Если переработка эпизода убиения Глеба в Чтении объясняется стремлением книжников представить логичную и достоверную версию этого события, то еще одна инновация в Чтении (в рукописях Минейного вида) носит, условно говоря, не «логический», а «идеологический» и «церемониальный» характер. В этих списках читается подробное описание перенесения обретенных мощей Глеба в Киев и Вышгород: «Бывшю же строину ветру, приплыша в нарочитый градъ» (далее — интерполяция списков Минейного вида, цитируется список ВМЧ PH Б, Соф. 1321, л. 152 об.), «еже есть Киевь. Тако бо зовомъ бяше искони. И сретоша князь Ярославъ и священный митрополить съ игумены и прозвутеры и дьяконы съ свещами и темьяномъ. И взяша телеса святого Глеба и несоша въ Вышгородъ, и мнози недужнии ту исцеление приимьша»[138].
Вторичность этого фрагмента особенно очевидно засвидетельствована характерной «опиской» книжника: повествуя о перенесении мощей Глеба (о положении тела Бориса в Вышгороде уже сообщалось в Чтении), он употребляет, тем не менее, форму множественного числа — «телеса», а не «тело». По всей видимости, на это описание повлияли рассказы Борисоглебских памятников о позднейших перенесениях мощей уже обоих святых братьев.
Включение описания встречи мощей Глеба князем Ярославом и священнослужителями в текст Чтения в ВМЧ и в близких к нему рукописях объясняется намерением подчеркнуть, усилить «церемониальность», торжественность Несторова жития и восполнить смысловую лакуну Чтения: составитель жития, Нестор подробно сообщал о торжественных перенесениях тел Бориса и Глеба и не описал лишь первого положения мощей Глеба в Вышгороде. Тщательное соблюдение «литературного этикета», любовь к торжественным, «пышным» формам были, как известно, особенно свойственны XVI веку (Д. С. Лихачев), времени, когда создавались ВМЧ. Характеристика Киева как «исконного» града также соотносится с вниманием русских книжников — «идеологов» Московского царства к истокам Руси, с утверждением правопреемства от киевских князей и обоснованием права на «киевское наследство».
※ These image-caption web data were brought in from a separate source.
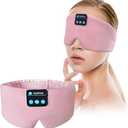 Joythink Sleep Headphones Bluetooth Sleep Mask Silk Kids Children Headband Earphones Bluetooth Eye Mask for Sleeping On Side Blackout Soft Sleep Earphones Music Eye Cover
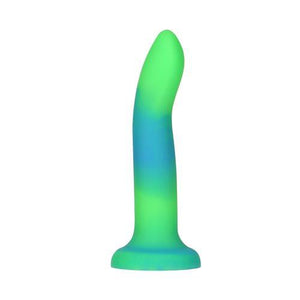 Rave Addiction Blue/Green 8" Glow-In-The-Dark Suction Cup Dildo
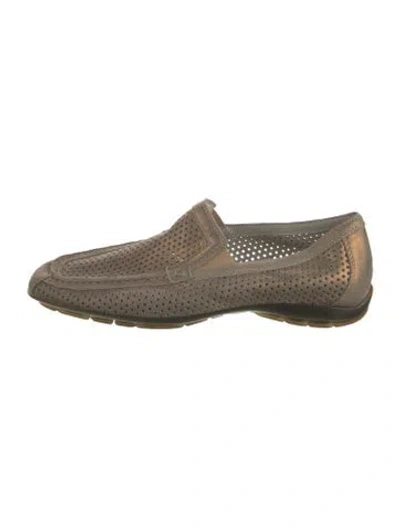 Pre-owned Donald Pliner Suede Lasercut Accents Loafers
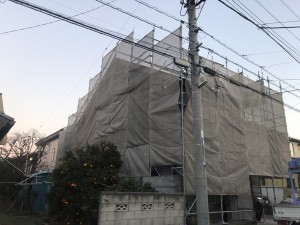 越谷市 戸建て改修工事足場仮設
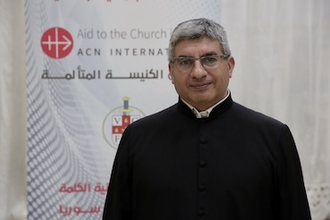 Fr Hugo Alaniz pictured during a visit to ACN's international headquarters ©ACN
Более детальный анализ текстологических связей между списками Чтения позволит, может быть, однозначно ответить на вопрос, являлись ли именно составители ВМЧ создателями текста-протографа Минейного вида. Представляется также интересным и рассмотрение Сказания и Чтения по спискам ВМЧ в контексте других, включенных в труд митрополита Макария, житий киевского времени, прежде всего княжеских.